Our perspective is unique, and that makes it hard to relate to us many times. But your perspective is unique, and so is everyone else's really. We might cleave to others who have similar perspectives, and in doing so we begin to feel like our perspective is somehow better or fuller or wiser. Or we might set ourselves up against others with different perspectives to make ourselves feel superior...or just plain different, unique.

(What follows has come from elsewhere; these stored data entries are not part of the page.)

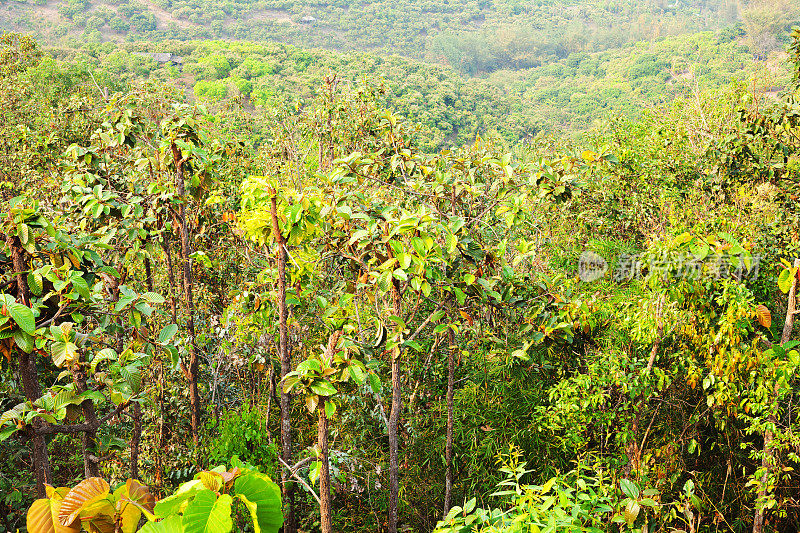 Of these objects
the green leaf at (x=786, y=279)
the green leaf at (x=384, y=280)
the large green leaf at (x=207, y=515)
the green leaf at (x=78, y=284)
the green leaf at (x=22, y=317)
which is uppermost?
the green leaf at (x=78, y=284)

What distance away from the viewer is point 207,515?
934mm

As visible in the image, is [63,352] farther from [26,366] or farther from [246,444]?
[246,444]

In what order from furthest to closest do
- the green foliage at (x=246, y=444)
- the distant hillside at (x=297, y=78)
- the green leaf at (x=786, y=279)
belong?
1. the distant hillside at (x=297, y=78)
2. the green foliage at (x=246, y=444)
3. the green leaf at (x=786, y=279)

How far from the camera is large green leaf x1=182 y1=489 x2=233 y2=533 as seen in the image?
3.01 feet

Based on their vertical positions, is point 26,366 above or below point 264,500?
below

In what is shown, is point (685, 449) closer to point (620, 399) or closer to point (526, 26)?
point (620, 399)

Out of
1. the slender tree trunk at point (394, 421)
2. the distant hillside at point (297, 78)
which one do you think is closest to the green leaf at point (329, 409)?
the slender tree trunk at point (394, 421)

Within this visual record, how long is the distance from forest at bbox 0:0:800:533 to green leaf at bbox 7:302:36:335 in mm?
12

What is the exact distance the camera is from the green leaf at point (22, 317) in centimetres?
157

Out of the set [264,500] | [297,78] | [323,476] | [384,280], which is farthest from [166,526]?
[297,78]

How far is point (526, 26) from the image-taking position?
208 ft

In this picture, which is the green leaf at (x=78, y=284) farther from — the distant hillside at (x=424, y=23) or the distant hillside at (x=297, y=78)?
the distant hillside at (x=424, y=23)

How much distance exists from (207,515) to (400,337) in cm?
162

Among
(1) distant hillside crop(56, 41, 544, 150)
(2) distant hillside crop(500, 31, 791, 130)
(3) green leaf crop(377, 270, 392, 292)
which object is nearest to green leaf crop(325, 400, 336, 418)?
(3) green leaf crop(377, 270, 392, 292) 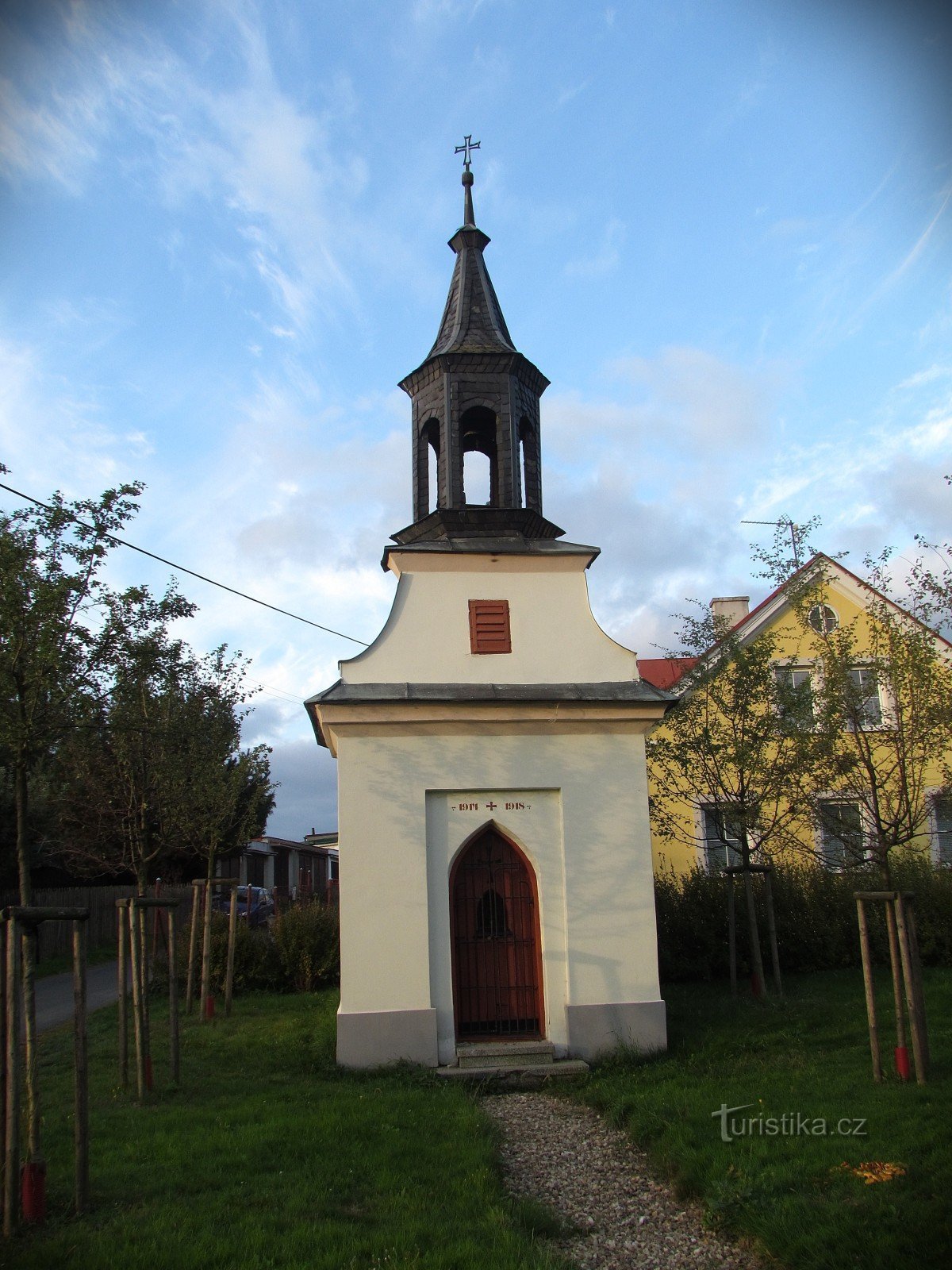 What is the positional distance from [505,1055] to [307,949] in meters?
8.02

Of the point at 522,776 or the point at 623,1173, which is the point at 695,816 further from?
the point at 623,1173

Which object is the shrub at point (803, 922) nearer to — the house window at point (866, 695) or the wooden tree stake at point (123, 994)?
the house window at point (866, 695)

The current "Mommy Wars" highlight how different perspectives can cause strife. Not just about "values," these conflicts emerge from how we view the world and our lives in the whole. A wise mother I greatly admire recently said to me, "I don't even think about organic food." She is a craftswoman, a highly thoughtful and intelligent mother, but she lacks the resources to afford organic food. I have no doubt that she does her best to offer her children a healthy diet and that if she chose to work full-time rather than stay home with them, she might be better able to afford organic food if she so desired. Instead, she doesn't think about it. That is her perspective on the world around her. Can I fault her for it? Should I judge her and think that she's not doing the "best" for her kids?
A lot of the decisions that are battled in the "Mommy Wars" come from a securely middle-class perspective. Whether to stay home or not, whether to provide organic food or not, whether to breastfeed or not, all assume that mothers have full luxury of choice. Women who do not anatomically make enough milk or whose babies have palate issues do not have a choice to breasfeed. The poor, rural women among whom I grew up did not have a lot of choice to stay home or live organically. Single mothers often have very clear choices. Unfortunately, these are not choices made purely on values. They are choices made out of one's perspective. Taking into account the full sum of my life, of my responsibilities, of my resources, how do I soldier on?
Our perspectives are all different. Built from the sum of our experiences, of our hopes and dreams, of the roles we must fill, they color how we lead our lives. They color how we judge the people we encounter in our lives. Sometimes, they make it hard to simply live out our lives. If you want to truly love someone, if you want to touch a heart and not simply a need, try to wrap your head around her perspective. It will be different from yours, your assumptions will be shot to bits, and your perspective will be changed, too.